* _WORK ORDER_
Dropping every picture, set down exactly the lines in the entries below, starting with the line with "Take one of" and going on through the line with "The hinge is".

* _MATERIAL PROVIDED_

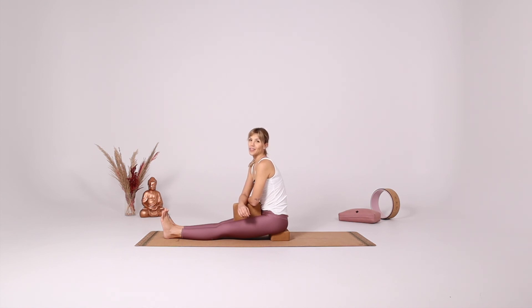I'm always observing that in group classes there's some sort of shame about using blocks, and I would like to tell you that I personally love using blocks and use them in my personal practice all the time to help myself deepen my poses and therefore make better, faster progress.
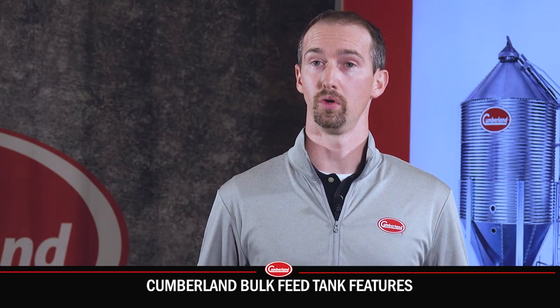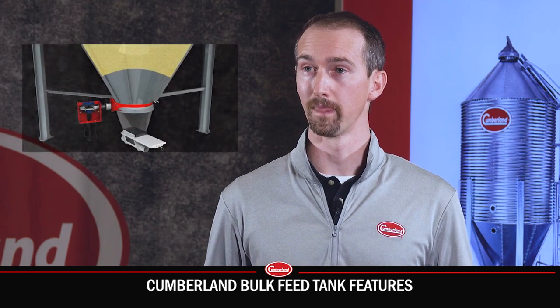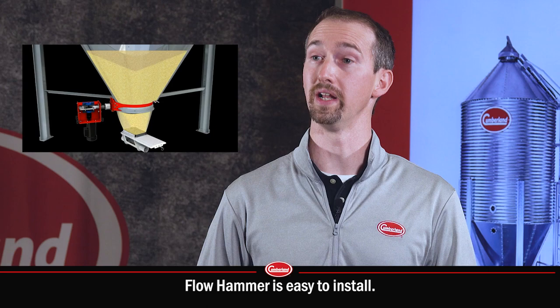Flow Hammer is a product that helps promote first-in, first-out for your feed, so essentially feed safety. It's a low frequency product which vibrates the feed to ensure that it's evenly distributed all the way down the tank.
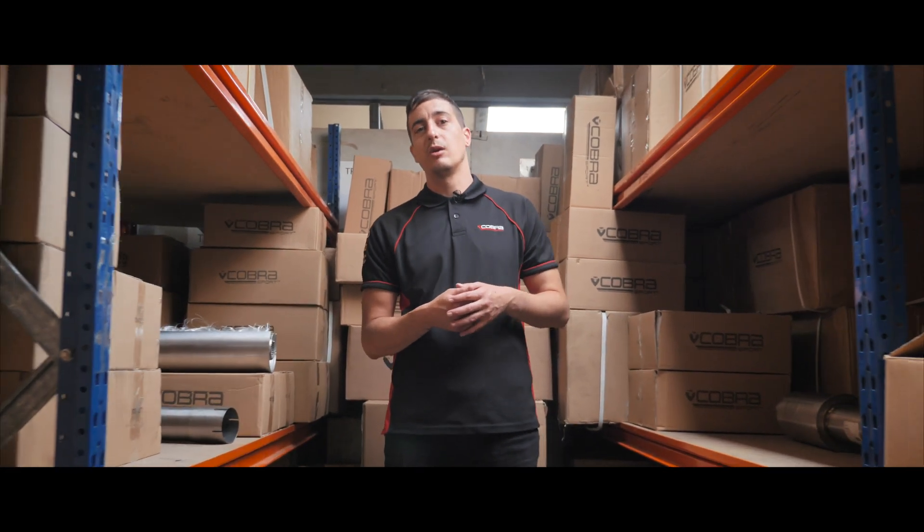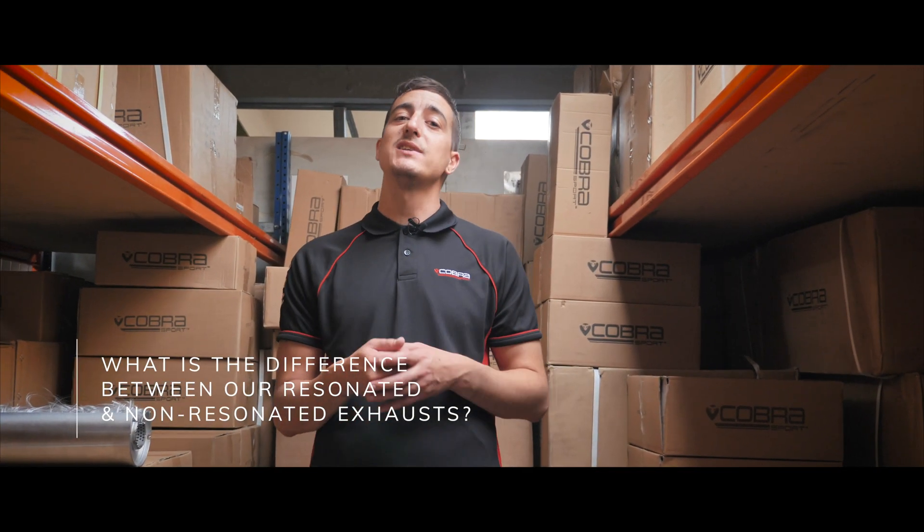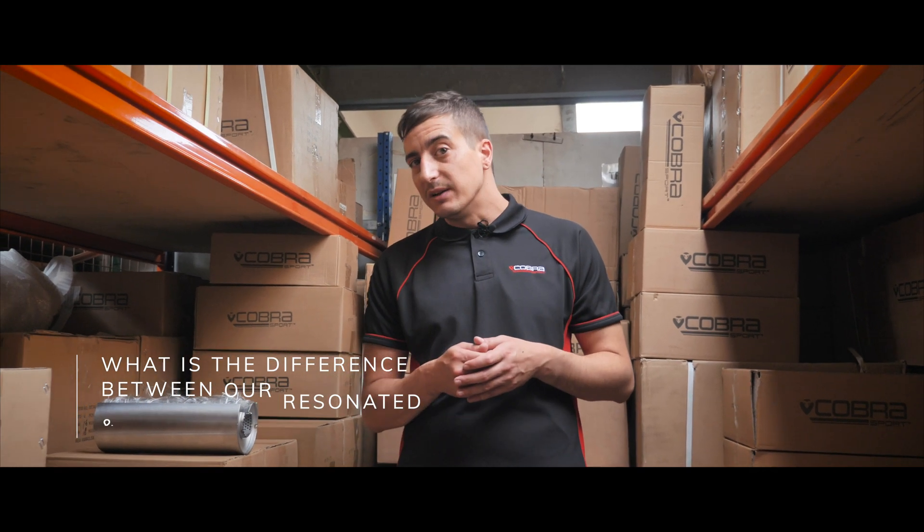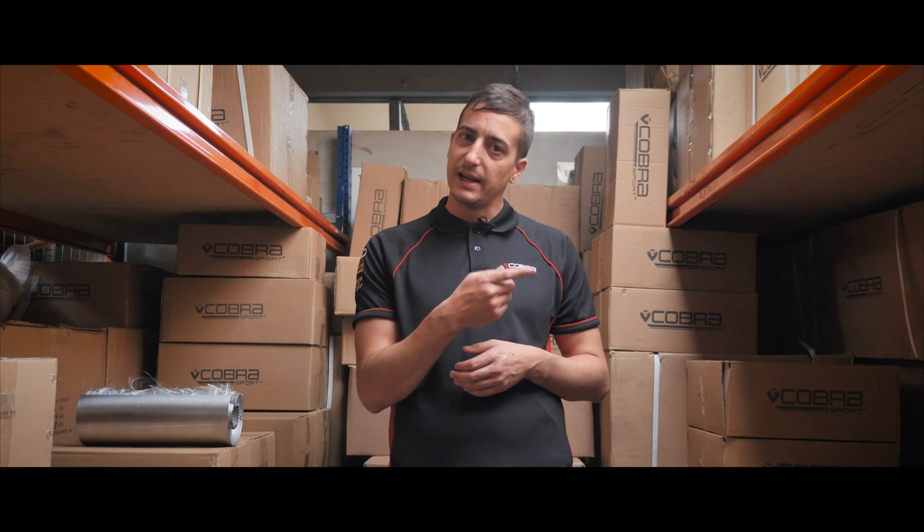The common question we get asked here at Cobra Sport quite often: what is the difference between your resonated and non-resonated exhausts? And there's one easy answer — sound. Crank up your speakers and take a listen.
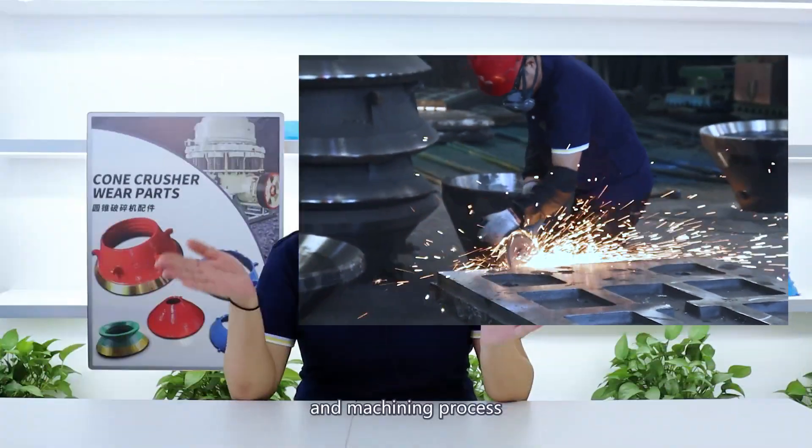Hi, I'm Connie. Today, I'm gonna show you the polishing and machining process of collage pads in our factory.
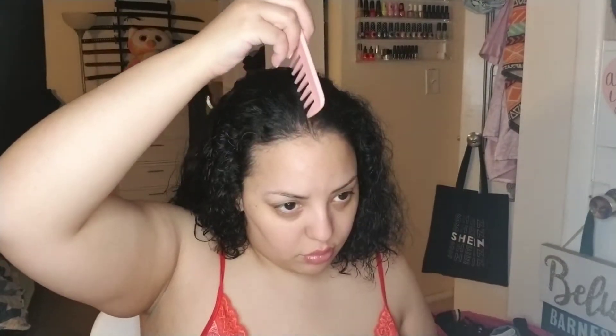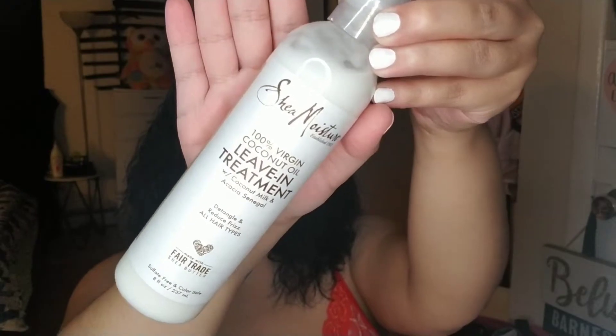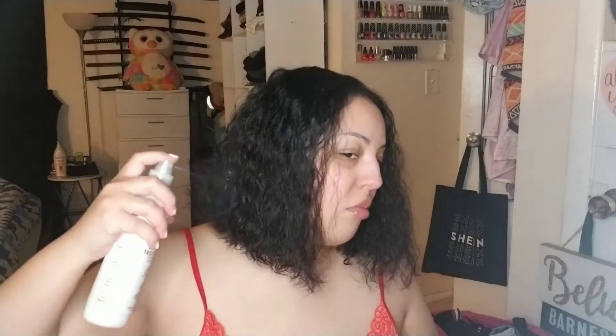I'll take my wide-tooth comb and gently detangle the ends all the way up to the root and part my hair where I want it to be parted. Here I'm using my Shea Moisture leave-in treatment, taking special care to spray each and every section.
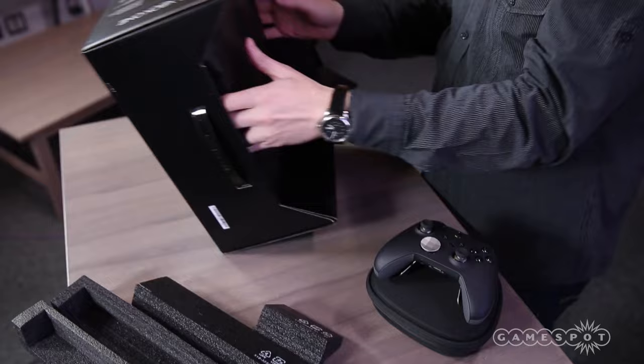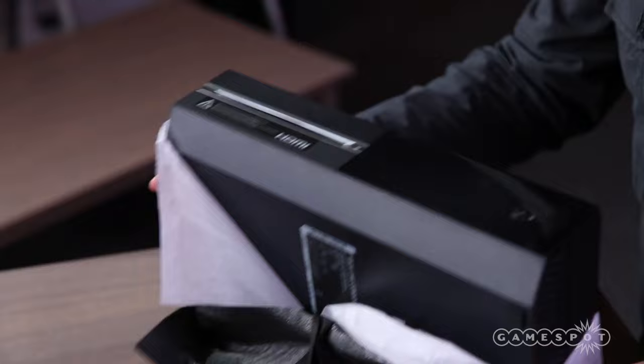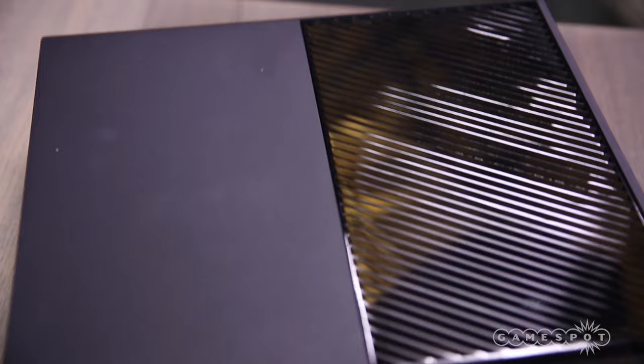I have an awful feeling the console is just going to look like every other Xbox One we've ever seen. But who knows, maybe it's special in some way. It's not really any different — I hate to disappoint everybody. But what it does have on the inside is special.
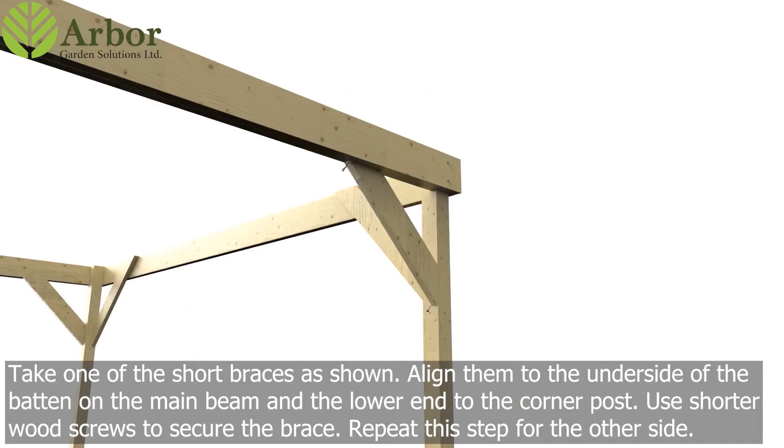Take one of the short braces as shown. Align them to the underside of the batten on the main beam and the lower end to the corner post. Use shorter wood screws to secure the brace, then repeat this step for the other side.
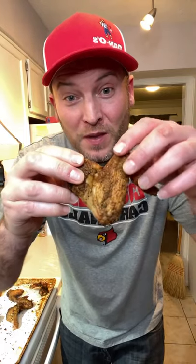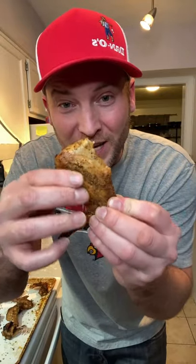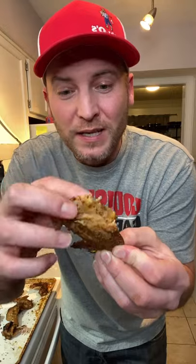The best way to eat a chicken wing is like this. If you cook your chicken wing right, it's ready to fall off the bone. So, take your chicken wing, go right here, and kind of fiddle around like this.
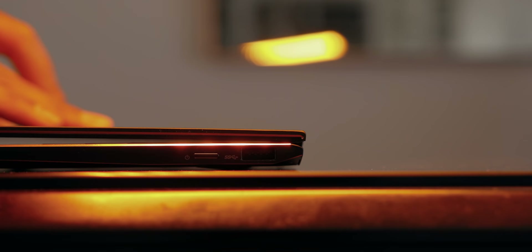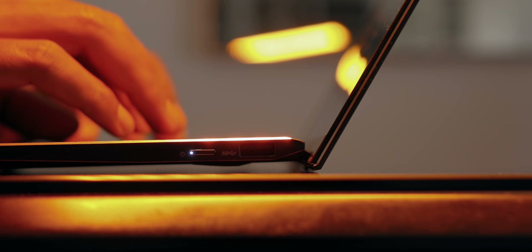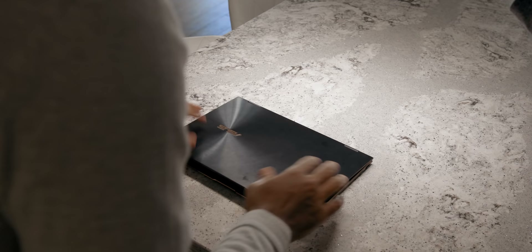The hinge is pretty smooth but gets wobbly at a fixed position, especially on your lap or a desk. This may be due to the ErgoLift design, which lifts the keyboard at an optimized angle for a better typing experience and also improves airflow. The rubber grommets underneath failed to keep the laptop in place — it easily moves around, which was annoying when typing.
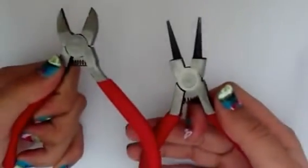Hey everyone, in this video I'll be showing you guys how to make your polymer clay creation into a charm two different ways. For the first way you're going to need a head pin, some pliers, and at the very least a pair of wire cutters and a pair of round nose pliers.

* _SOLUTION FOR THIS PROBLEM_
Take one of the short braces as shown. Align them to the underside of the batten on the main beam and the lower end to the corner post. Use shorter wood screws to secure the brace, then repeat this step for the other side.
The best way to eat a chicken wing is like this. If you cook your chicken wing right, it's ready to fall off the bone. So, take your chicken wing, go right here, and kind of fiddle around like this.
The hinge is pretty smooth but gets wobbly at a fixed position, especially on your lap or a desk. This may be due to the ErgoLift design, which lifts the keyboard at an optimized angle for a better typing experience and also improves airflow. The rubber grommets underneath failed to keep the laptop in place — it easily moves around, which was annoying when typing.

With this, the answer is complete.